Unnamed: 0,Player_ID,Name,Points,r1_res,r1_op,r2_res,r2_op,r3_res,r3_op,r4_res,r4_op,r5_res,r5_op,r6_res,r6_op,r7_res,r7_op,state,pre_rating,opp_avg
0,1,GARY HUA,6.0,W,39,W,21,W,18,W,14,W,7,D,12,D,4,ON,1794,1605
1,2,DAKSHESH DARURI,6.0,W,63,W,58,L,4,W,17,W,16,W,20,W,7,MI,1553,1469
2,3,ADITYA BAJAJ,6.0,L,8,W,61,W,25,W,21,W,11,W,13,W,12,MI,1384,1563
3,4,PATRICK H SCHILLING,5.5,W,23,D,28,W,2,W,26,D,5,W,19,D,1,MI,1716,1573
4,5,HANSHI ZUO,5.5,W,45,W,37,D,12,D,13,D,4,W,14,W,17,MI,1655,1500


In [40]:
#changing the data into a Comma Separated Value file.

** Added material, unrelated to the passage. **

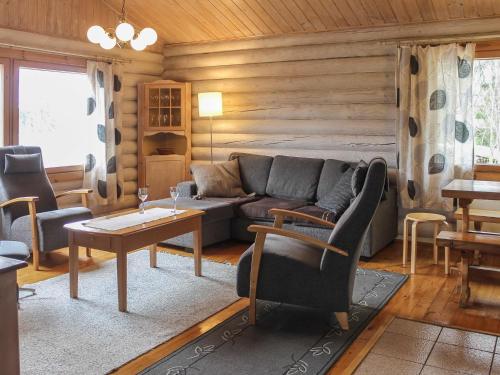 sala de estar con sofá y mesa en Holiday Home Kalliohonka by Interhome, en Torvoila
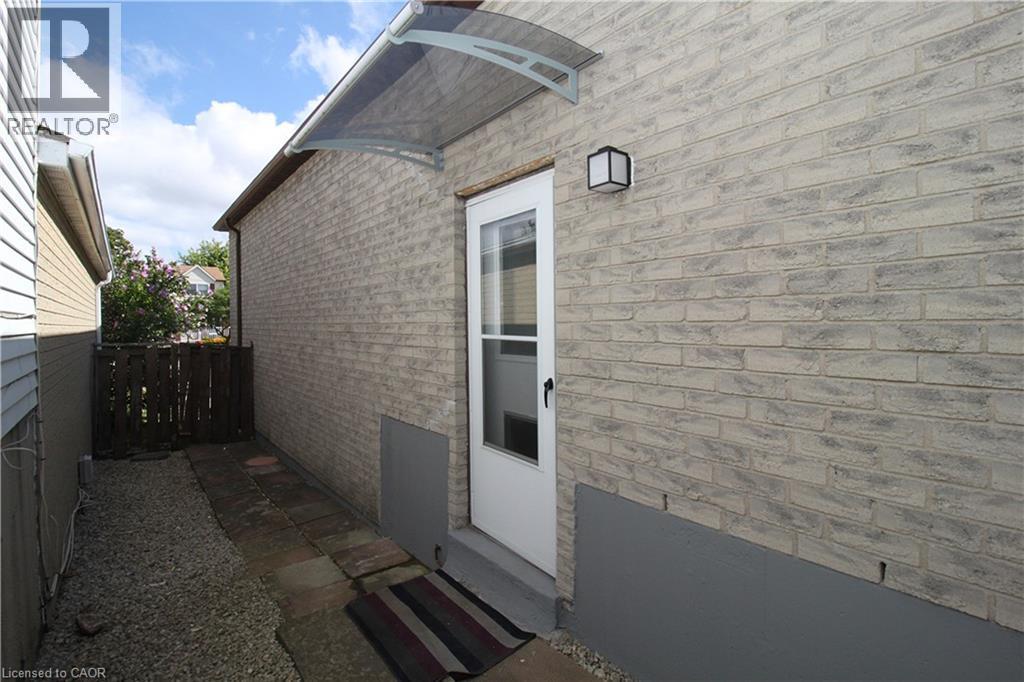 Brick exterior with a clear entry awning, exterior wall light, and a glass-paneled door - 35 Garden Crescent, Hamilton, ON - Outdoor With Exterior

df.to_csv('chessinformation.csv')

We have successfully been able to make a .csv file with all of the necessary requirements. After running all cells of this code, you, the user, should be able to find the "chessinformation.csv" on your hard drive.